Conventional augmentation procedures such as guided bone regeneration (GBR) allow simultaneous augmentation for implant placement in cases of modest horizontal or vertical bone deficits. Usually, the applied bone substitute materials serve as an osteoconductive scaffold for ingrowth of newly formed bone from surrounding native bone. A collagen membrane is used to function as a barrier to prevent the ingrowth of soft tissue in the augmentation bed.4 

However, in complex cases—such as after tumor resection or in cases of severe atrophy—these augmentation techniques are stretched to their limits. It is postulated that in extensive augmentation procedures, a sufficient implantation bed can be generated only by means of autologous bone transplantation.5  However, these procedures are associated with a remarkable burden to the patient, including a secondary operational site, pain, and wound healing disorders at the donor site.6 

Due to the aforementioned disadvantages of autologous bone transfers, numerous bone substitute materials of different origins have been widely investigated. These materials are all similar in that they do not possess osteoinductive properties and therefore are limited to osteoconductive properties. Previous investigations of our workgroup have demonstrated that the origin of bone substitute materials has a major influence on tissue reaction within the host organism. In different in vivo and clinical trials, it was shown that the physicochemical properties of bone substitute materials have an impact, especially regarding vascularization and the evoked cellular inflammatory pattern within the implantation bed (ie, induction of multinucleated giant cells, which influences biomaterial degradation).710 

A promising approach to enhance the regenerative potential of bone substitute materials is the application of an autologous blood concentrate system, otherwise known as platelet-rich-fibrin (PRF). This system is obtained by the centrifugation of a patient's own peripheral blood without additional anticoagulants, resulting in solid and fluid PRF-matrices. Recently, the so-called low-speed centrifugation concept (LSCC) showed that the reduction of the applied relative centrifugation force (RCF) during centrifugation results in significant enrichment of these matrices with leukocytes, platelets, and their growth factors.11  Based on the LSCC, optimized protocols for the solid advanced PRF+ (A-PRF+) and the fluid injectable PRF (i-PRF) were shown to include a significantly higher number of platelets and leukocytes while possessing a high bioactivity in terms of the release of different growth factors.12  The included autologous components may promote acceleration of wound healing and tissue regeneration without adding further external substances. For the solid PRF-matrix, blood components—such as B- and T-lymphocytes, monocytes, stem cells, granulocytes, and growth factors—are embedded in a fibrin clot.12,13  Within the fluid PRF-matrix, however, all the aforementioned cells together with their growth factors were concentrated in a 1- to 1.5-mL fluid volume.11,13,14  Figure 1 shows the two PRF-matrices (solid and fluid).

Figures 1–7

Figure 1. Autologous fibrin matrix platelet rich fibrin after centrifugation and subsequent compression. Figures 2 and 3. Radiographic (Figure 2) and clinical (Figure 3) baseline situations after tumor therapy and before augmentative reconstruction.

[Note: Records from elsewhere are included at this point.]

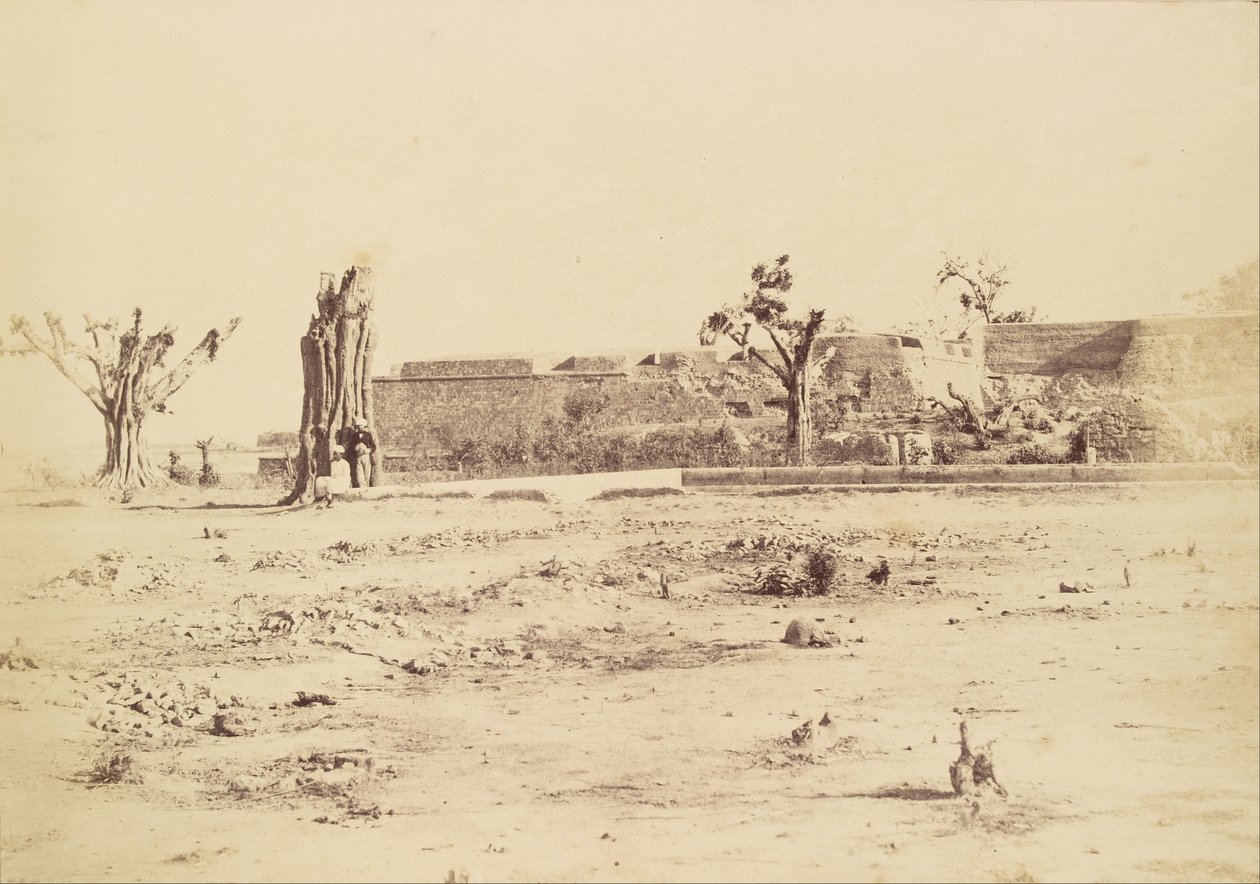(Kopár táj egy ismeretlen erőddel, Delhi) alkotó: Charles Moravia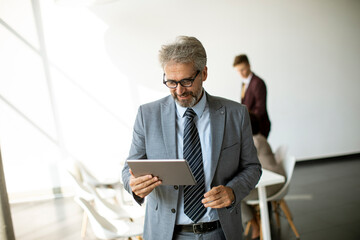 Wall Mural - Handsome mature businessman using his tablet in the office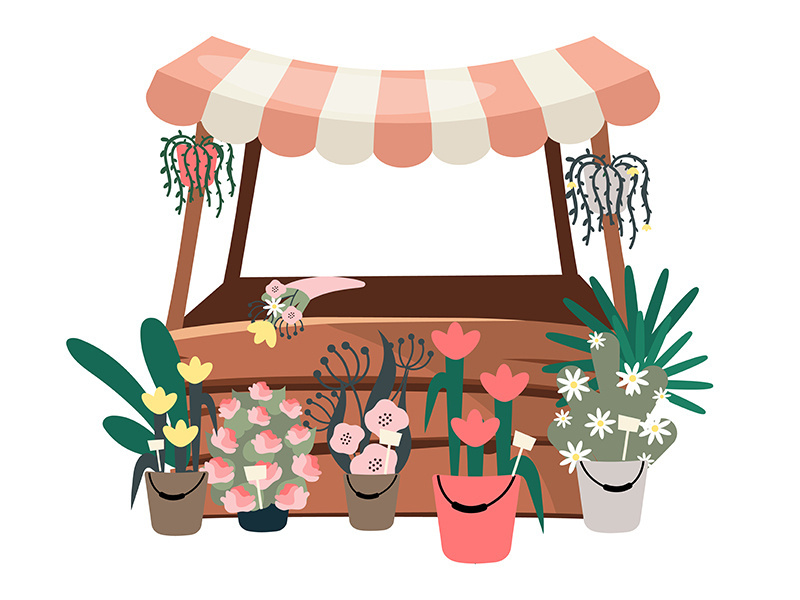 Flowers market stall flat vector illustration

Figure 4. Three-dimensional design of the titanium mesh according to the ideal anatomy of the mandible and the position of the foramen mentale. Figures 5 and 6. Augmentation process with the titanium mesh, a combination of the xenogeneic Bio-Oss, advanced platelet rich fibrin, and injectable platelet rich fibrin. Figure 7. Postoperative X-ray image after reconstruction of the mandibular defect.

Figures 1–7

Figure 1. Autologous fibrin matrix platelet rich fibrin after centrifugation and subsequent compression. Figures 2 and 3. Radiographic (Figure 2) and clinical (Figure 3) baseline situations after tumor therapy and before augmentative reconstruction. Figure 4. Three-dimensional design of the titanium mesh according to the ideal anatomy of the mandible and the position of the foramen mentale. Figures 5 and 6. Augmentation process with the titanium mesh, a combination of the xenogeneic Bio-Oss, advanced platelet rich fibrin, and injectable platelet rich fibrin. Figure 7. Postoperative X-ray image after reconstruction of the mandibular defect.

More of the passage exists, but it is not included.